A Moment that Lead to A Movement:
Meet To Write Love On Her Arms Founder
Jamie Tworkowski

It was meant to be a short story to help someone in need. And although Jamie Tworkowski loves to write, he couldn’t have predicted that his words about a self-destructive girl on drugs that he met through a mutual friend, and spent five days with in the Spring of 2006, would produce life-changing results.  Real results that not only transformed her life, but changed his life as well.

Tworkowski used his gift of storytelling to share what took place during a week of detox with Renee, in hopes that the rehab center would finally accept her for treatment. Titled, To Write Love On Her Arms, Tworkowski uploaded the article on Myspace. The following words along with the rest of the piece resonated with many suffering people:

“She hands me her last razor blade, tells me it is the one she used to cut her arm and her last lines of cocaine five nights before. She’s had it with her ever since, shares that tonight will be the hardest night and she shouldn’t have it. I hold it carefully, thank her and know instantly that this moment, this gift, will stay with me. It hits me to wonder if this great feeling is what Christ knows when we surrender our broken hearts, when we trade death for life.”

Tworkowski recognized the need for those hurting to feel loved and have hope. Hope in the fact that they are not alone and the belief that a better life is possible. To Write Love On Her Arms (TWLOHA) became more than a story; it became a movement. That in turn led Tworkowski to establish an organization of the same name to reach out to others. Risen recently sat down with this founder who has much to say about the stigmas surrounding mental health, addictions, faith, friendships and family. And he’s quick to share about the vision of an organization leading a conversation so few are willing to have.

Interviewed Exclusively for Risen Magazine at the U.S. Open of Surfing in Huntington Beach, CA

Risen Magazine: When you wrote the story about Renee and asked, “What would you say if this story had an audience?” I couldn’t help but wonder if it was at that point you realized you were being prepped for something much bigger than this single story.
Jamie Tworkowski:  I think it was really simple. It was just an idea that I wanted to write about and share. I was starting to realize that I enjoyed writing and for me it’s always been all or nothing, and in that moment I felt like I had to write, I felt like I had to tell this story. I didn’t know exactly what that meant, and certainly didn’t know it would lead to where it has.

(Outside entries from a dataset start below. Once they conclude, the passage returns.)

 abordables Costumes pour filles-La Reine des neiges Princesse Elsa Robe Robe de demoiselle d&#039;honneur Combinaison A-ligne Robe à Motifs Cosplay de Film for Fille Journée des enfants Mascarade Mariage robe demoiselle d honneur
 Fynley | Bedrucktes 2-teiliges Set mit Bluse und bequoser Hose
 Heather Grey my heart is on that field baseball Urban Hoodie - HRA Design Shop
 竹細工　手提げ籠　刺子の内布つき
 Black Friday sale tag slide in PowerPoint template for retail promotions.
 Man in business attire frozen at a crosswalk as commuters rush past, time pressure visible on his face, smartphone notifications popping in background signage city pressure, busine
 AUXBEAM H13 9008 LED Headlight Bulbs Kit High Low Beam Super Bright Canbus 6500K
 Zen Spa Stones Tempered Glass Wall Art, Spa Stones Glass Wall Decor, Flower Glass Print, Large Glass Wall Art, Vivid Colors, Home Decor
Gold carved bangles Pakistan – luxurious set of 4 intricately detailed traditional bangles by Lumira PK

I didn’t have a platform at that time. I had just written the story and Renee was in rehab and I knew that we wouldn’t have any communication with her for the first 30 days, but I started to realize her treatment was going to cost money. I was at a Coldplay concert in Orlando and somehow walked out of the show and decided to make a Myspace page to give the story a home as well as print and sell T-shirts to raise money for her treatment. Everything really changed with Jon [Foreman, Lead Singer] wore the T-shirt at his Switchfoot show. He didn’t even give out the web address; he just mentioned it from stage and people found their way to the page. Instantly people started to write in with questions and saying the story we were telling was their story, they had lost someone to suicide, they had a family member dealing with addiction, and really that is still true today. Those are the same stories people share, we still get the same questions, and it just snowballed. The guys in [the band] Anberlin started wearing the shirts, and then we started to connect with other bands and people with this unique amount of influence. So much of it has been people sharing with others – like kids at school, people at work, strangers at airports saying, “Hey what does your shirt mean?”

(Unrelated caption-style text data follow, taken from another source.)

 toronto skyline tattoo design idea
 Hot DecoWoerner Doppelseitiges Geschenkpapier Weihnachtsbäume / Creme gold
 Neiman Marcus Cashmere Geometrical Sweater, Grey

RM: Now it’s more than a moment and an actual movement, did you think it would ever get to this point, and so quickly?
JT:  I don’t think I ever knew what the next year would look like — there certainly wasn’t a Five-Year plan. So much of the story has been these really surprisingly open doors. From the very beginning when Jon Foreman was literally the first person to wear one of these T-shirts, to being invited to be part of the Vans Warped Tour, to getting a call from Hot Topic that they wanted to sell our shirts, to getting invited to speak at colleges and tour with bands and then to be here at the U.S. Open, all are surprising dots that connect and doors that open.

RM: Is this something you always envisioned yourself doing or was there resistance at first to the idea of running what has now turned into a major non-profit?
JT:  Well it’s funny, my mom says that this is everything I love and everything I’ve ever learned all under one roof; that this is totally me. I’m grateful for all these things – writing and music and T-shirts, and caring about people and all the different circles we run in that don’t often overlap – to me I love the uniqueness about that. At the end of the day, it’s about these issues that people deal with. So the heart of the matter is people and it doesn’t really matter if you’re a surfer, or what music you listen to.

But I definitely didn’t grow up thinking I would run a charity, or even wanting to. But I do think that is part of what’s helped because my heroes aren’t in the non-profit world. And to be fair and honest I hand off a lot of the nuts-and-bolts business stuff. It’s not the stuff I’m good at, and it frees me up to focus more on the creative and the vision, and to better use my gifts. So we’re able to lean on other people and I don’t have to pretend to be CEO-guy.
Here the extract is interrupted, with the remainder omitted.